Ostensibly, Pope Benedict is in Turkey to try to heal the wounds of words he repeated a while ago agitating the Muslim world. Although Turkey is sort of a secular nation, its Muslims were outraged by Benedict. He is there to smooth things over repeating the formula “I misspoke” or “You misunderstood what I meant”. But we forget the Schism that broke Christendom apart over language, distance and doctrinal differences over a thousand years ago. Then, too, the changes crumbled the Ottoman Empire and ended just as World War II began, Turkey became a separate and then a modern nation under a remarkable man, Kemal Ataturk.
The differences between Islamic entities that arose out of the Saharan desert from its parent theological ancestors, the Jews and Christians, are still there. The religion of Muhammad was formed by an illiterate, itinerant salesman who fought the Pagans in his homeland and listened to voices and personages of the Angel Gabriel. He became convinced that “Allah”, among the gods of his people, was the one true God.
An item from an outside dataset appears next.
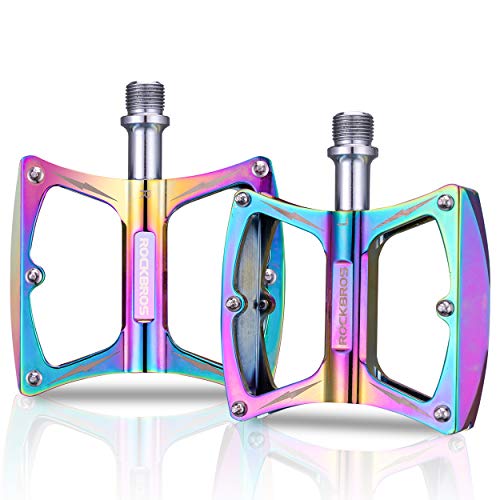 ROCKBROS Mountain Bike Pedals 9/16' MTB Pedals Aluminum Road Bike Pedals Sealed Bearing Bicycle Lightweight Platform Flat Pedals for BMX MTB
He rounded out the monotheism introduced by the Jews so that there were three voices of one God. One voice spoke in Hebrew and Aramaic, another in Latin and the last in Arabic. This became the norm in the first thousand years after the arrival of Jesus in ancient Israel.
But, the Pope-Patriarch division within Christianity became known as the Great Schism. This is confused by the Schism between Catholics rooted in Rome and a break-away Papacy in France that was healed after a fashion to be later broken apart. This was when Germans followed Luther in a Reformation that still goes on today throughout the word of Christendom. But, Benedict, heir to the Healer Pope, John XX111, has seen fit to try to smooth waters and see if a common language can be adopted by Latin speaking Catholics and Greek Speaking Orthodox Christians and their scion, Russian speaking Orthodox Christians. It was a terrible wrenching apart of what was called Catholic (meaning universal) Christianity and seems to be insoluble today as it ever was.
The political problem is having Asia Minor, defined now as Turkey, become part of NATO - which is nowhere near the Atlantic. It could be considered by a stretch of imagination as European (The Ottomans were described as the Sick Man of Europe). That is one political reason for Benedict to be making an appearance in Turkey today.
Benedict is no John or John Paul. Events have swept away times which might have been amenable to going back and undoing the knots in the socio-religious-political fabric of time. Now we are facing a clash between Islam and “others”. The problem has legs. It seems to have a will and destination of its own.